Aim of the exercise
In the data below, begin at the line with "Image 3D d'une" and stop after the line with "Modelo de Rede"; output those lines exactly and no pictures.

Records for this task
◇ ◇ ◇ ◇ ◇ ◇ ◇

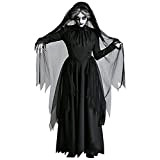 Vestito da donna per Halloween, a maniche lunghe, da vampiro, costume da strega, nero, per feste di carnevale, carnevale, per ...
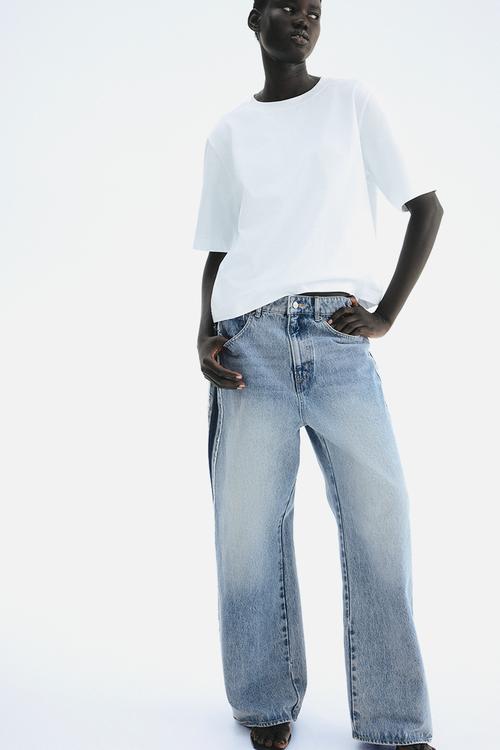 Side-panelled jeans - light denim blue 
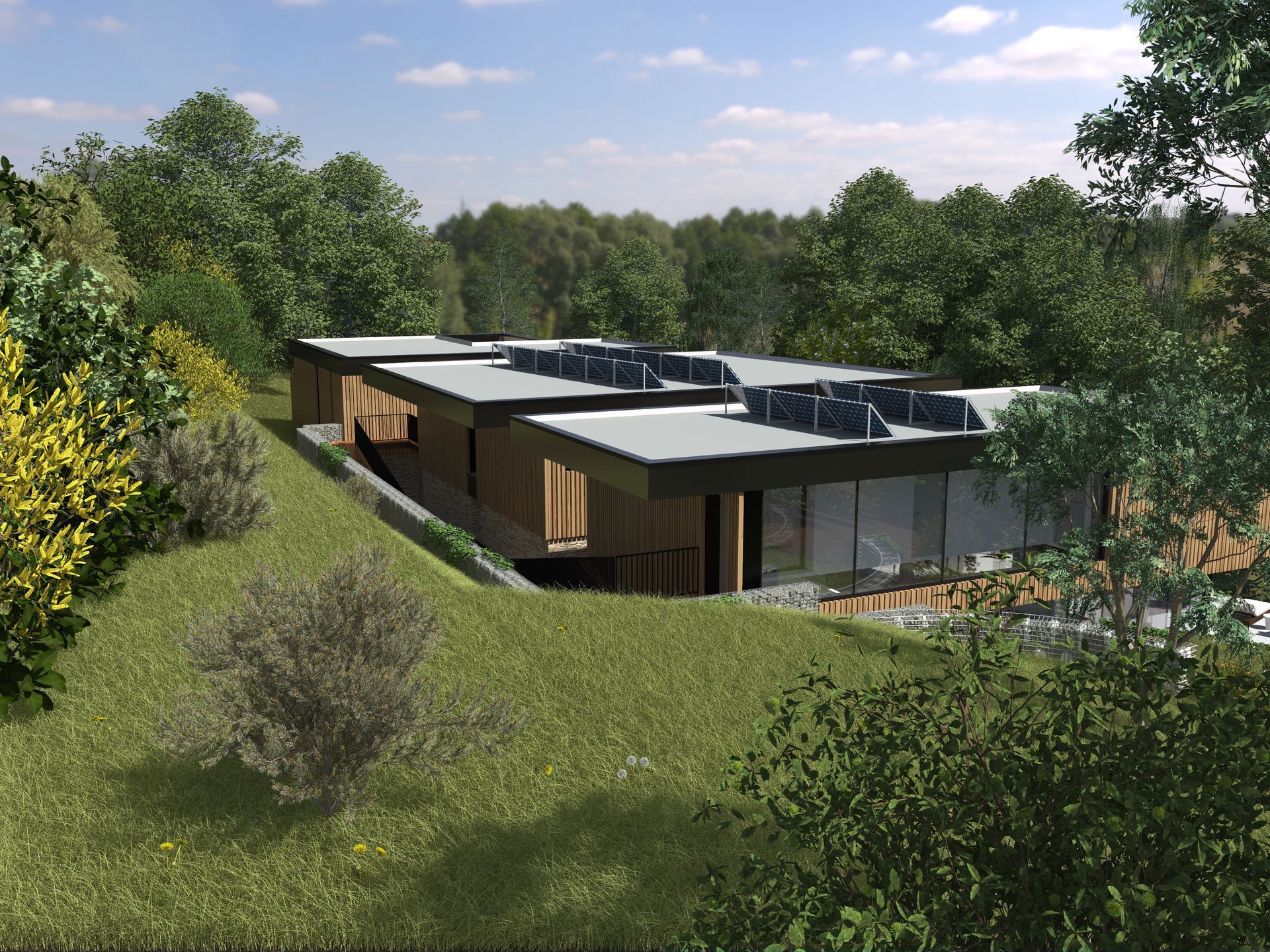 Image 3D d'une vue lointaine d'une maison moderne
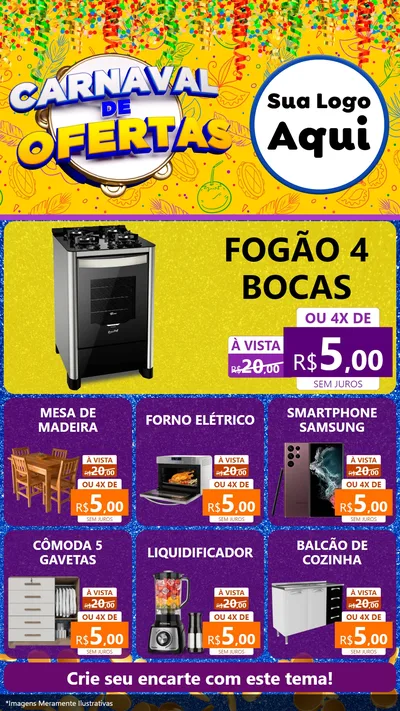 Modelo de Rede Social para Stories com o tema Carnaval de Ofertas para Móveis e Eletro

◇ ◇ ◇ ◇ ◇ ◇ ◇

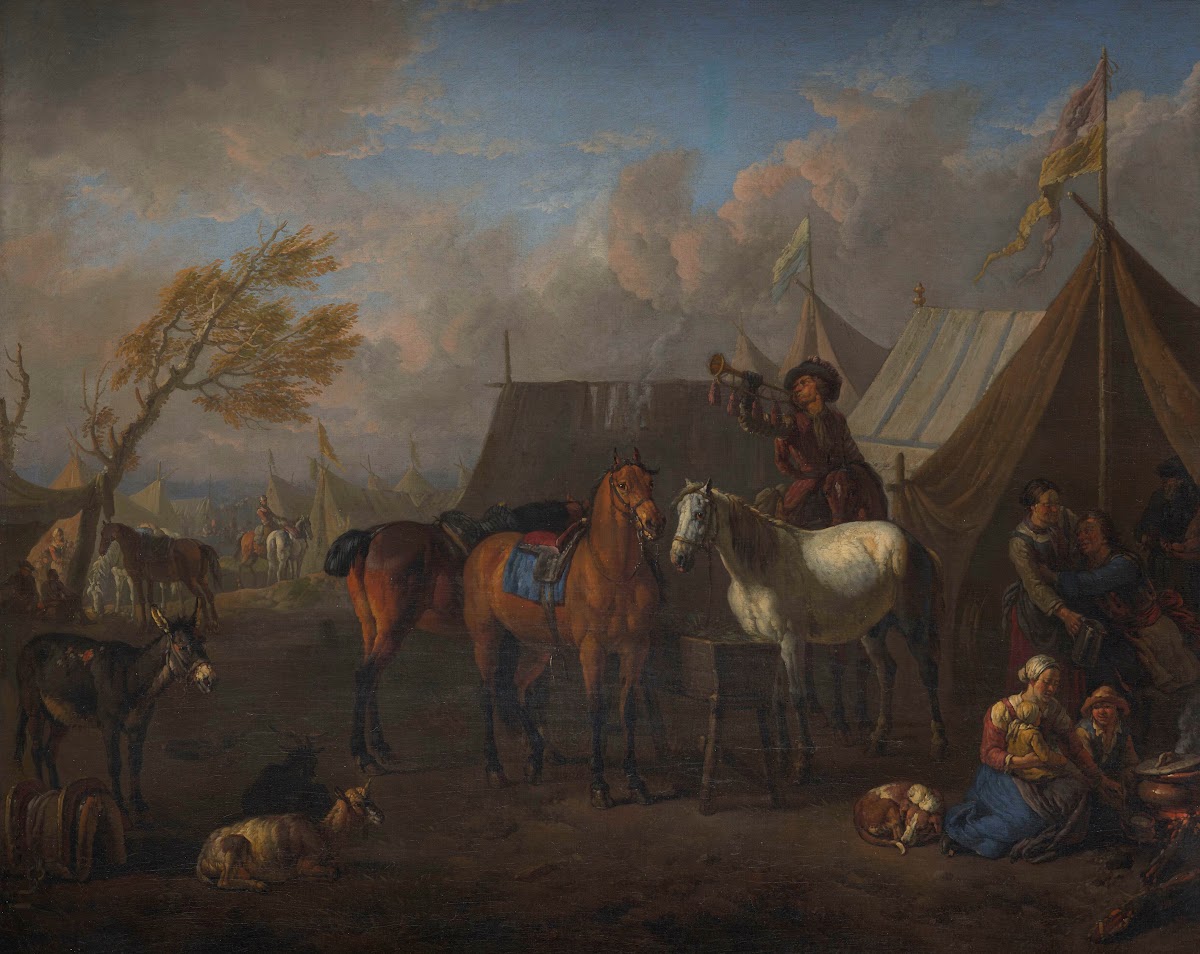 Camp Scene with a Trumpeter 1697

◇ ◇ ◇ ◇ ◇ ◇ ◇

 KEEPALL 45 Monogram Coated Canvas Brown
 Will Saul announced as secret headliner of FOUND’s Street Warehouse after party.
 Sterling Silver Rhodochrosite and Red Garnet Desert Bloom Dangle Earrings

◇ ◇ ◇ ◇ ◇ ◇ ◇

Answer section
 Image 3D d'une vue lointaine d'une maison moderne
 Modelo de Rede Social para Stories com o tema Carnaval de Ofertas para Móveis e Eletro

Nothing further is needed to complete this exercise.